3.5.2 Secondary inorganic aerosol

Secondary inorganic aerosol (SIA) is the second major component of fine (11%) and coarse (8%) particles in Pune. The annual SIA concentration in Pune was 5.02 μg/m3 in fine particles, with strong seasonal variation (Fig. 3): highest in winter (7.15 μg/m3) and lowest in monsoon (1.95 μg/m3), whereas the annual SIA concentration in PM10 was 8.03 μg/m3, highest in winter (14.9 μg/m3) and lowest in monsoon (2.26 μg/m3). Atmospheric secondary SO42− and NO3 aerosols result primarily from the oxidation of sulfur dioxide and nitrogen oxides. The mass ratio of NO3/SO42− could be used as an indicator of the relative importance of mobile and stationary sources of sulfur and nitrogen in the atmosphere (He et al. 2017). The mass ratios of NO3/nss-SO42− higher than unity indicated that the particles were mainly from mobile sources (vehicular activity). Conversely, the mass ratios of NO3/nss-SO42− lower than unity suggested that the sources of particles came mainly from stationary sources (industrial activities). In this study, the average ratio of NO3/SO42− was 0.28 ± 0.12 and 0.44 ± 0.33 in fine and coarse particles, indicating a greater contribution of SO42− that shows the dominance of stationary sources compared to vehicular activity. Earlier studies reported a high average NO3/SO42− ratio in cities such as Bobadela (Almeida et al. 2005), Rio de Janeiro (Mariani and de Mello 2007) and Beirut (Kouyoumdjian and Saliba 2005) (Table 2).
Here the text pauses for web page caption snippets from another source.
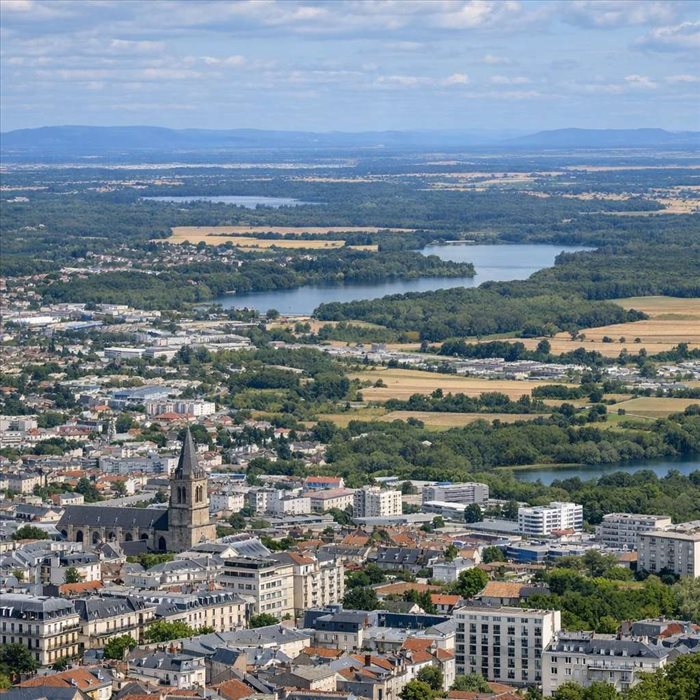 Quelle ville française a la plus grande superficie ?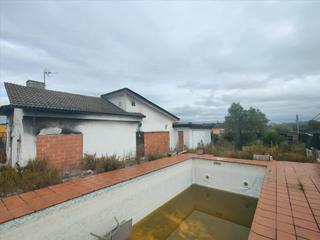 Xalet  Masquefa. Casa en avenida masquefa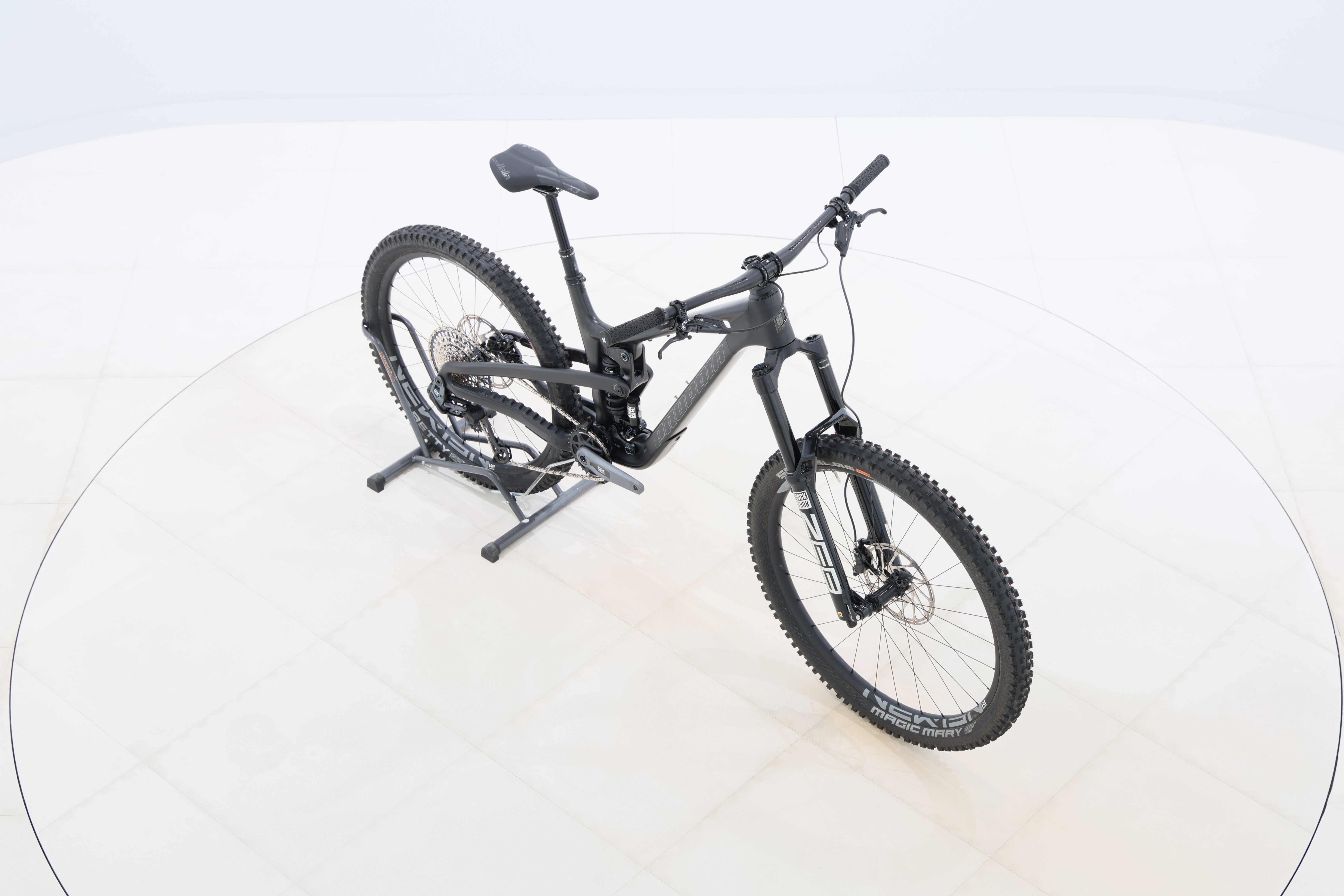 b7894adb-0f55-490d-9bed-03e94b0c39f7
The strong positive correlation between NO3 and SO42− in the coarse- (R2 = 0.81) and fine-mode (R2 = 0.65) particles indicates same anthropogenic origin over the Pune region. A positive correlation between NO3 and SO42− concentrations in the atmosphere has often been found (Harrison and Plo 1983; Wakamatsu et al. 1996; Pathak et al. 2009). However, strong negative correlation between SO42− and NO3 has also been reported on clear days, hazy days, foggy days, and respirable particulate air pollution days (Kong et al. 2014).
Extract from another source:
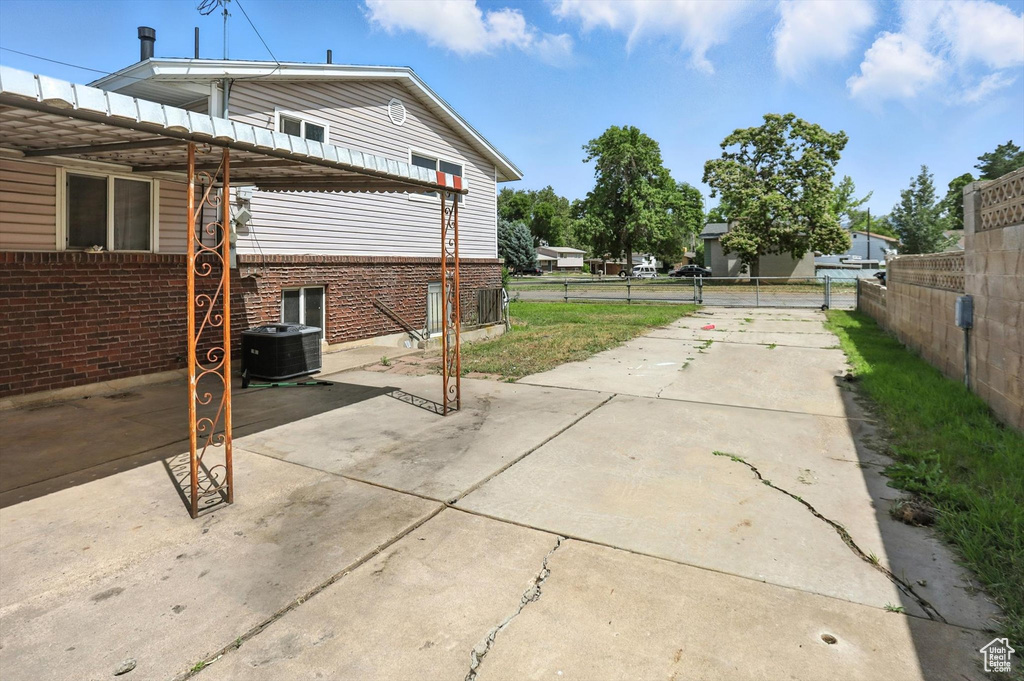 4358 S 950 W Riverdale, UT 84405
3.5.3 Sea salt and crustal aerosols

The percentage contributions from different sources to the chemical ions in PM were calculated by using the crustal and marine fractions. Na+ was assumed to have originated fully from marine source and nss-Ca2+ was from crustal source. The nitrogenous ionic constituents such as NO3 and NH4+ were contributed primarily by anthropogenic sources and the contribution of natural sources was almost nil.

Sea salt (Na+ + ssCl + ss-Mg2+ + ss-Ca2+ + ss-K+) contributed substantially to coarse particle mass, accounting for 17% of the total mass. Sea salt-associated ions (mainly Na+, Cl) illustrate strong internal correlations (R2 = 0.93) and nearly zero intercept in PM10, denoting that they primarily originate from sea salt. The sea-salt aerosols had the highest concentrations in monsoon (25%) under the influence of air mass originating from over the Arabian Sea before arriving at the sampling site. A crustal source was observed to be the dominant source for Ca2+ aerosols in the Indian Subcontinent (Kulshrestha et al. 1998; Safai et al. 2010). In this study, soil/dust factor contributed the least, accounting for less than 2% PM2.5 mass and 5% of total PM10 mass. The contribution of dust was found to be higher in the monsoon (6% in PM10 and 3% in PM2.5), followed by winter (5% in PM10 and 3% in PM2.5) and summer (4% in PM10 and 2% in PM2.5).

4 Conclusions

The primary strengths of this study are the simultaneous collection (a year-round) of the fine- (PM2.5) and coarse-mode (PM10–2.5) particles at Pune, India. The observed values of PM are slightly higher than the annual standard stipulated by Indian National Ambient Air Quality Standard, and comparatively more that the threshold limit set by the World Health Organization. The mass balance of the determined components indicated that anthropogenic aerosols were the largest contributor to PM mass in Pune with a share of 55% of the fine-mode and 51% of the coarse-mode mass. The second largest contributor is the sea salt (11% of PM2.5 and 16% of PM10–2.5), followed by a minor contribution from dust aerosols. The 1-year averaged ratio of NO3/SO42− was 0.28 ± 0.12 and 0.44 ± 0.33 in fine and coarse mode, indicating a greater contribution of SO42−, which shows the dominance of stationary sources over vehicular emissions. Taken together, this study will be supportive to establish the baseline of fine and coarse particulate matter for policymakers and researchers.